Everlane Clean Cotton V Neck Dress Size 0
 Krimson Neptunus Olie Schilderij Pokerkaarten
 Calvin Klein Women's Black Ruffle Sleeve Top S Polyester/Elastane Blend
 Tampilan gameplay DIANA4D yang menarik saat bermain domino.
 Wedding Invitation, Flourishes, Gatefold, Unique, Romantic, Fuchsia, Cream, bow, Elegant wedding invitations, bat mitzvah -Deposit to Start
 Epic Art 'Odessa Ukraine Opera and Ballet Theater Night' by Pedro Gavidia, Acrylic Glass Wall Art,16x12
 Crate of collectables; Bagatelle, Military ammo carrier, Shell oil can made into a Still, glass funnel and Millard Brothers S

INSTRUCTIONS TO FOLLOW: What do the lines above say from the one containing "Krimson Neptunus Olie" down to the one containing "-Deposit to Start"? Return them exactly, both end lines included, and only them.

EXERCISE RESPONSE:
 Krimson Neptunus Olie Schilderij Pokerkaarten
 Calvin Klein Women's Black Ruffle Sleeve Top S Polyester/Elastane Blend
 Tampilan gameplay DIANA4D yang menarik saat bermain domino.
 Wedding Invitation, Flourishes, Gatefold, Unique, Romantic, Fuchsia, Cream, bow, Elegant wedding invitations, bat mitzvah -Deposit to Start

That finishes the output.